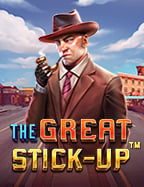 เพื่อนแนะนำเพื่อน: บาคาร่า sagame ที่คุณต้องลอง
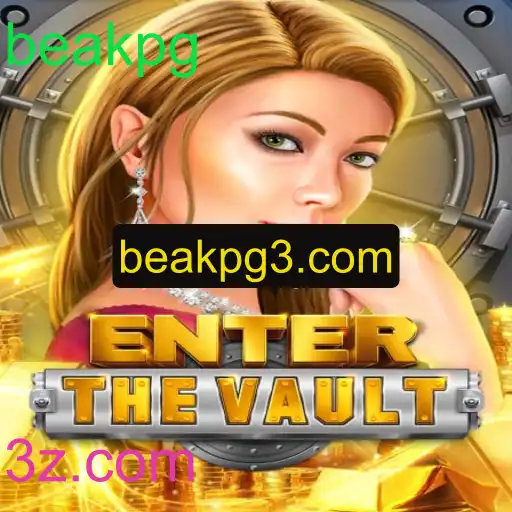 Desvendando EntertheVault: Aventura e Estratégia Combinadas no Novo Jogo de Tabuleiro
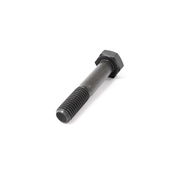 BMW Drive Shaft Flex Joint Bolt - Genuine BMW 26111225744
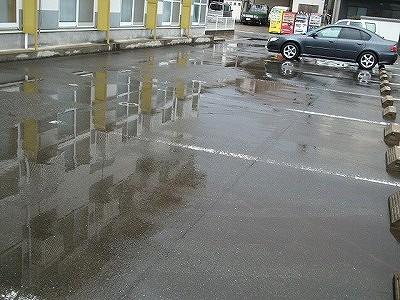 瑞穂(20694)の外観・駐車場イメージ1枚目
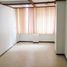 247 m² Office for rent in FazWaz.de, Makati City, Southern District, Metro Manila, Philippinen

-.-.-

**WHAT TO DO:** Take the line that contains "瑞穂(20694)の外観・駐車場イメージ1枚目" and every line after it up to the end of the records above, and restate them exactly, without the pictures.

**OUTPUT:**
 瑞穂(20694)の外観・駐車場イメージ1枚目
 247 m² Office for rent in FazWaz.de, Makati City, Southern District, Metro Manila, Philippinen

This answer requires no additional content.